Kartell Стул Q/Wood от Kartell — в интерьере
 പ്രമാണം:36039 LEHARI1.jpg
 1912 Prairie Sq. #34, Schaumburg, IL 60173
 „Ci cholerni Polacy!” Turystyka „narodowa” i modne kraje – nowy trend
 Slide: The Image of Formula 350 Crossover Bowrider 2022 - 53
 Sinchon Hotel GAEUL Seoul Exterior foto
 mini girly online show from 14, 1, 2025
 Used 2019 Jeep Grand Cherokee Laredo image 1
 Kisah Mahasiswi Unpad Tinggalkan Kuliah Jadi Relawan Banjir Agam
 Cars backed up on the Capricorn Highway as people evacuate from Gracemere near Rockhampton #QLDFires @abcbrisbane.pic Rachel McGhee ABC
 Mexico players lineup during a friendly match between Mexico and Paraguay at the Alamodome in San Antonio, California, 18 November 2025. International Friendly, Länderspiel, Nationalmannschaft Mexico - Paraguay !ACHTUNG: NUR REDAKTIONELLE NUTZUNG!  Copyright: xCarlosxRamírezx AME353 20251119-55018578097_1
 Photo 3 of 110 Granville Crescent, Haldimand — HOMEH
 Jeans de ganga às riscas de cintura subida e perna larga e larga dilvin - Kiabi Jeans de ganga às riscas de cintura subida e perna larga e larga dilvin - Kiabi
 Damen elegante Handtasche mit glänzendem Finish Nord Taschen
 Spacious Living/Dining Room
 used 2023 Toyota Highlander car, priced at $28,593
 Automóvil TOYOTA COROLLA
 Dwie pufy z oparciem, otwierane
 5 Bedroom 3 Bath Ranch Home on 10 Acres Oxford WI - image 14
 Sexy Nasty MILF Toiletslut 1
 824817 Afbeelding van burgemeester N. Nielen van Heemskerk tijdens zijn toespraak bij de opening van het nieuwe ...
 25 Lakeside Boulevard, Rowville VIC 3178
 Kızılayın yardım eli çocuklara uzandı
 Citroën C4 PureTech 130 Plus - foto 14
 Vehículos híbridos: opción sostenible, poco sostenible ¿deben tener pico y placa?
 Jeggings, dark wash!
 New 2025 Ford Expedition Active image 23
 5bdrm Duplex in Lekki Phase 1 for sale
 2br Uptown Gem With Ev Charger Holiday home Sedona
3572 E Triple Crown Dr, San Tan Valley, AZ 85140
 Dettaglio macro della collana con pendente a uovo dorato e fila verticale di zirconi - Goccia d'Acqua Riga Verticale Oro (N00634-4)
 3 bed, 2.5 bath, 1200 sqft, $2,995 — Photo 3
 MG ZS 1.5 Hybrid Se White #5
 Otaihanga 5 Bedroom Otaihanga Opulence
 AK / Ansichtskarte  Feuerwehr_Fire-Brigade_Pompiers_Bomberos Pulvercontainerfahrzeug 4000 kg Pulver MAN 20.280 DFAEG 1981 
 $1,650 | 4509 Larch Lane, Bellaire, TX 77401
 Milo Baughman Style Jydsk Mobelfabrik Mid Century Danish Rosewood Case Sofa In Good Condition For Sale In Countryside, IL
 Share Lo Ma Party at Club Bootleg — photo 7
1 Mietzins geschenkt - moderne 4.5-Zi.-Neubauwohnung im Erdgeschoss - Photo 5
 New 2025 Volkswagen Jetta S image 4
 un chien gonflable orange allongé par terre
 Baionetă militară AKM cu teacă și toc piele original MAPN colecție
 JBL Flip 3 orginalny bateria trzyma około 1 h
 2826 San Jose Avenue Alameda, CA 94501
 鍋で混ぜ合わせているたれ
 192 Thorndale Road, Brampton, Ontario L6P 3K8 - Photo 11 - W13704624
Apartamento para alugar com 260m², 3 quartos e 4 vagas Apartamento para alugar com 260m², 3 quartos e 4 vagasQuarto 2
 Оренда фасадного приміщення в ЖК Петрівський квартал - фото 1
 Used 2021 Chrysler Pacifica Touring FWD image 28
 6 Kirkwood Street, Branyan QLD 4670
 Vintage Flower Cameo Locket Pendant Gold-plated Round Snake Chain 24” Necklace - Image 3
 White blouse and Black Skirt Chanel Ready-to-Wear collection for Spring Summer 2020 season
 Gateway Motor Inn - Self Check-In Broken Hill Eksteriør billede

■ ■ ■

▶ TASK DETAILS
For the material above, reproduce exactly the lines from the line with "Photo 3 of 110" to the line with "- Kiabi Jeans", inclusive, and exclude all others.

▶ ANSWER SPACE
 Photo 3 of 110 Granville Crescent, Haldimand — HOMEH
 Jeans de ganga às riscas de cintura subida e perna larga e larga dilvin - Kiabi Jeans de ganga às riscas de cintura subida e perna larga e larga dilvin - Kiabi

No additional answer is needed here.